I led UX/UI design for this full platform revamp, collaborating closely with Product, Marketing, and Engineering.

  • UX/UI Design: Wireframes, prototypes, final UI for mobile and web.
  • User Research & Testing: Interviews, surveys, and usability sessions with a diverse set of users.
  • Cross-Functional Facilitation: Workshops with Product, Engineering, Marketing, and Customer Success.
  • Iteration: Continuous refinement informed by user feedback and business goals.



The Personas & User Research

We started by building updated user personas through remote interviews, focusing on target audience motivations, values, and daily routines.

  • 7 users were interviewed over 4 days, spanning multiple industries and job types.
  • Insights informed feature prioritization, user flow improvements, and marketing messaging.
  • One persona, for example, the “The Brand & Leadership Developer,” highlighted the importance of inclusive, actionable mental health content.



The Surveys

We complemented interviews with a broad survey, reaching 100 employees across 10 clients.

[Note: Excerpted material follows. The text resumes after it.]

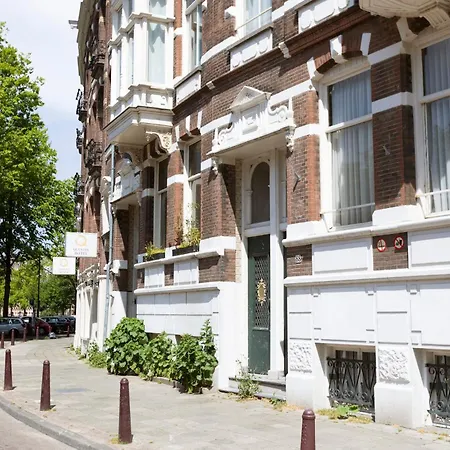 Quentin Canal House ホテル 3*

  • Many differences in workplace mental health perception between blue and white-collar employees.
  • The feedback informed both Product and Marketing teams on how to position and deliver features effectively.

We discovered industry-specific patterns and highlighted areas where design could make a tangible difference, such as customizing onboarding flows for different user groups.

The User Journey

Onboarding was a critical area for improvement:

  • We needed quick, seamless flows that communicated value and benefits to users.
  • We incorporated stakeholder requirements while balancing usability - Data points are too valuable in onboarding to ignore for anything.

The Wireframes

Wireframes were created in Figma and Miro:

  • Low-fidelity for early alignment with stakeholders.
  • High-fidelity for features requiring more detailed design or testing.
  • We collaborated with Engineering to ensure technical feasibility of web and mobile implementations.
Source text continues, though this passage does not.